The Ninth Doctor and Rose are well characterised throughout the narrative, though the Time Lord’s defensive remark about having put on a different shirt is rather too similar to his comment about changing his jumper in The Unquiet Dead. We get a real sense of this incarnation’s formidable physical presence, as he kicks open a gate and shoulder charges an attacker.

The Clockwise Man is read by Nicholas Briggs, who has voiced Daleks, Cybermen, Ice Warriors and numerous other alien characters in the television series, not to mention writing, directing and producing umpteen audio releases for Big Finish Productions. His narrating voice can be decidedly macabre, as anyone who has ever heard his continuity announcements on BBC Radio 4 Extra’s The 7th Dimension will know, which adds significant gravity to the proceedings.

The Doctor’s Northern accent sometimes seems a bit off, occasionally sounding more like Wallace, but then I ’ave a keen ear for this sort o’ thing, bein’ from t’North mesen.

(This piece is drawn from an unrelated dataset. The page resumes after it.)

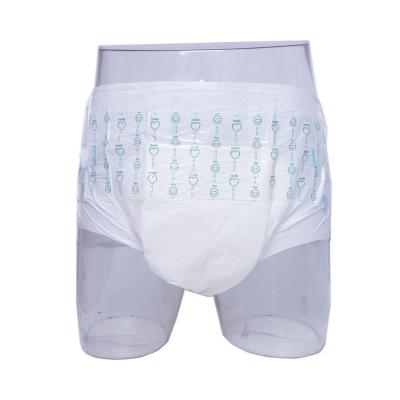 China Wholesale Thick Disposable Adult Incontinence Diaper in Bulk With Refastenable Tabs for sale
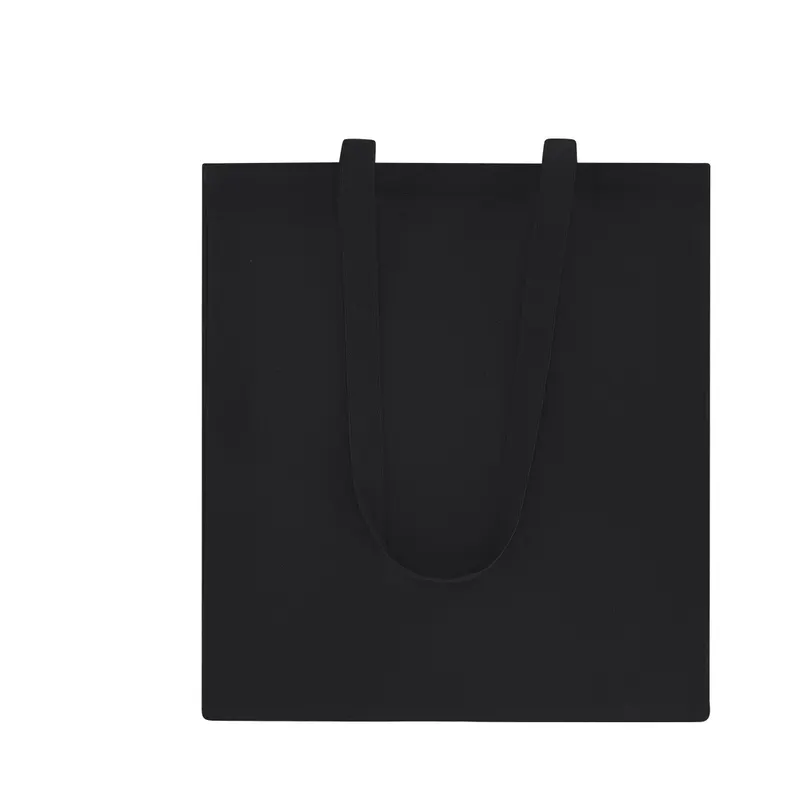 Bolsa de algodón Kaiba 180 g resistente 10 kg en naranja de algodón 180 g/ m2, vista frontal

Briggs does well to distinguish the potentially baffling number of supporting characters in Richards’s novel. In fact, you might even say that his reading goes like clockwork!



The TARDIS takes the Doctor and Rose to a destination in deep space – Justicia, a prison camp stretched across an entire solar system, where Earth colonies deal with their criminals. While Rose finds herself locked up in a teenage borstal, the Doctor is trapped in a scientific labour camp. Each is determined to find the other, and soon both Rose and the Doctor are risking life and limb to escape in their distinctive styles. But their dangerous plans are complicated by some old enemies. Are these creatures fellow prisoners as they claim, or staging a takeover for their own sinister purposes…?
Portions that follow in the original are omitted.